> Task requirements:
What is needed is a faithful transcription of all the data below, pictures excluded.

> Information provided:
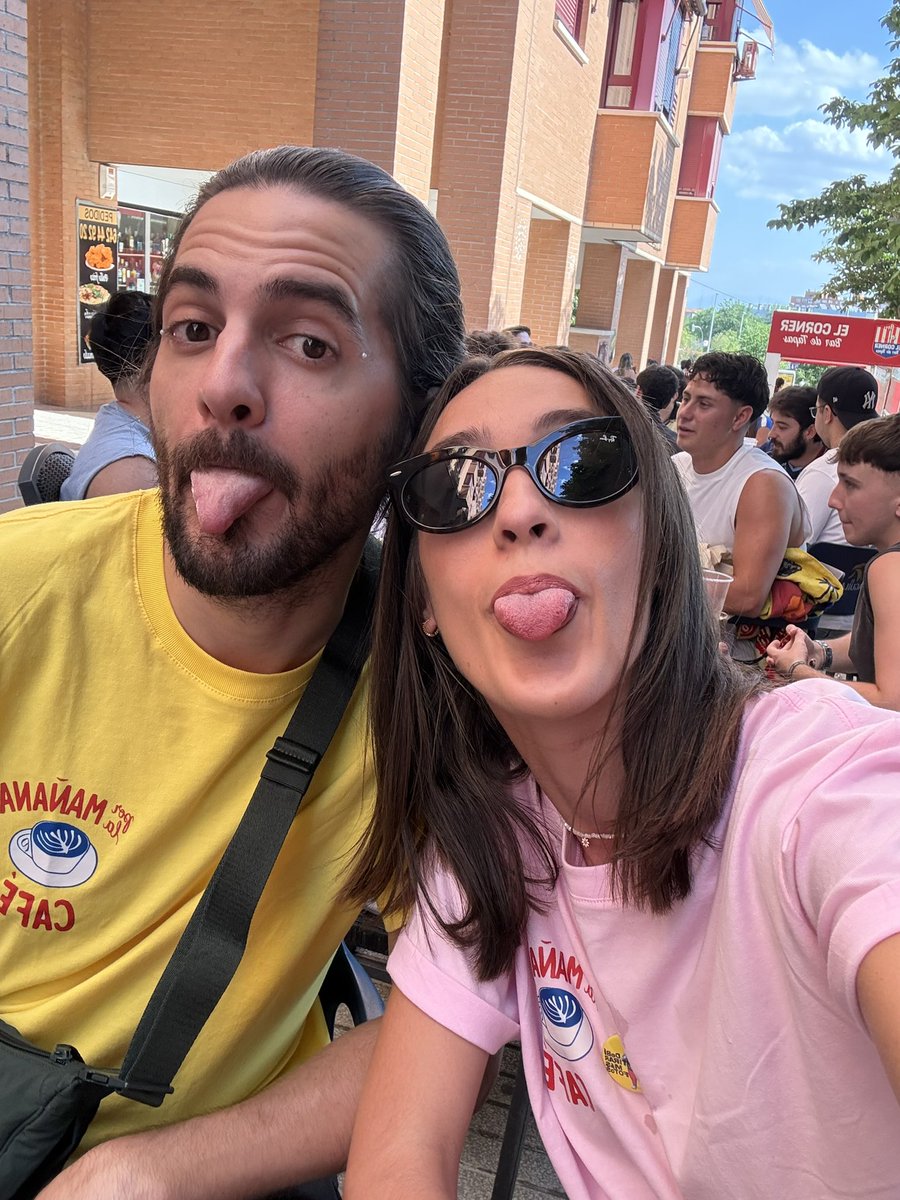 anasaezdcozar's tweet photo. 🩷🤟🏼💛 https://t.co/8td5VL5UsV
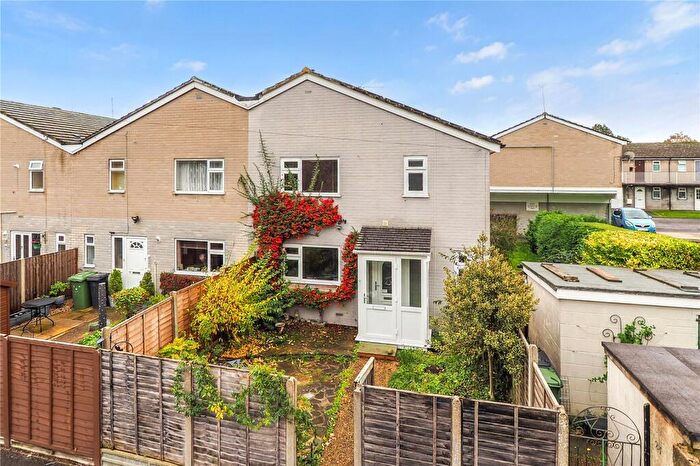 3 Bedroom End Of Terrace House For Sale In The Roundabouts, Liss, Hampshire, GU33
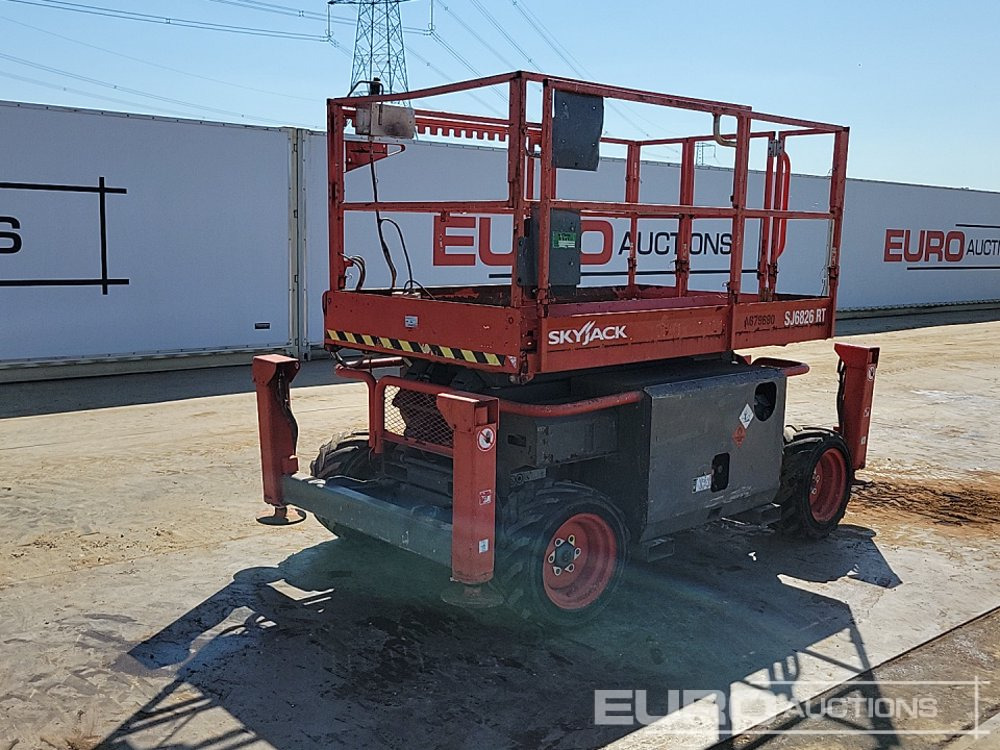 2015 SkyJack SJ6826RT - Plataforma aérea: foto 1 2015 SkyJack SJ6826RT - Plataforma aérea: foto 1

> Expected answer:
 anasaezdcozar's tweet photo. 🩷🤟🏼💛 https://t.co/8td5VL5UsV
 3 Bedroom End Of Terrace House For Sale In The Roundabouts, Liss, Hampshire, GU33
 2015 SkyJack SJ6826RT - Plataforma aérea: foto 1 2015 SkyJack SJ6826RT - Plataforma aérea: foto 1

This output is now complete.